I’ve spent the last week slammed with unplanned work for a client. No lie, it sucked. In a nutshell, the system was asked to perform at a new scale it was simply not ready to handle. Having read The Phoenix Project recently, I was especially cognizant of the loss of time caused by us flailing around reactively.
As happy as I am to say that the system is now coping with the extra load, getting there was hell. And on inspection the problem was obvious once you saw it at the proper scale. That is, the problem didn’t become a problem until the load increased.
And that’s how performance problems tend to manifest. Things are fine at one scale, but broken at another. It reminds me of this magnet my mom used to keep on the refrigerator that read:
It’s not the mountain that wears you out, it’s the grain of sand in your shoe.
Which is so true: you don’t even notice that grain of sand until you’ve walked miles, cut up the bottom of your foot, and bloodied your shoe.
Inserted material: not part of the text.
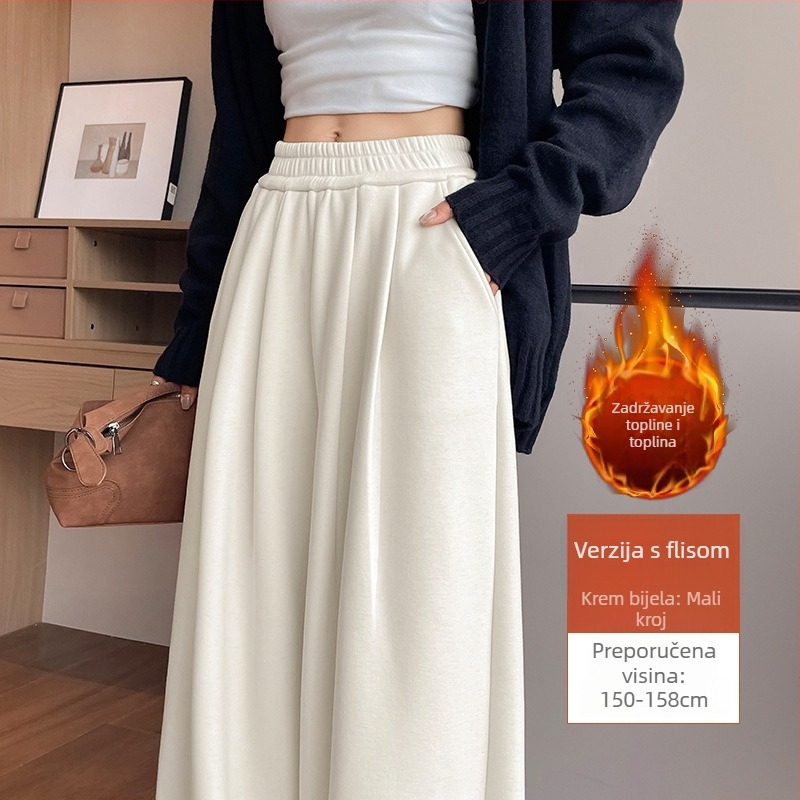 Široke hlače od vune i poliestera s flecom, visokim strukom, debeli zimski model 2025, ležerni stil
Then it’s an obvious thing – it’s painful and you can’t ignore it.
Thinking in Scales
Like anything, achieving performance is a balance. You want the best possible performance for the least cost and effort.
The way I tend to think about scales – whether we’re talking about time, people, requests, whatever – is by powers of growth. For instance, imagine planning a party for a group of people, and consider the challenges as the guest list grows to:
- 1 person
- 10 people
- 100 people
- 1000 people
- 10000 people
- 100000 people
- … and so forth
That is, planning a party for 200 people isn’t that much different than planning for 100, but planning for 1000 is WAY harder than planning for 100.
For time scales, I find it helpful to think in the following units:
- geologic time
For example, during planning meetings you’ll frequently hear me ask “are we talking hours, days, weeks, or months?”
Now in the realm of scaling software, here is the money question:
At what scale is the system be expected to operate?
An application that needs to support 100 operations every second can be designed very differently than an application that needs to support 1000 operations every second. The logic applies to bugs too: small performance issues that can be ignored at a small scale become debilitating as you scale up your effort.
Just like that grain of sand in your shoe – it probably won’t be an issue while you’re fetching your mail, but you might want to address it before you head up Grandfather Mountain.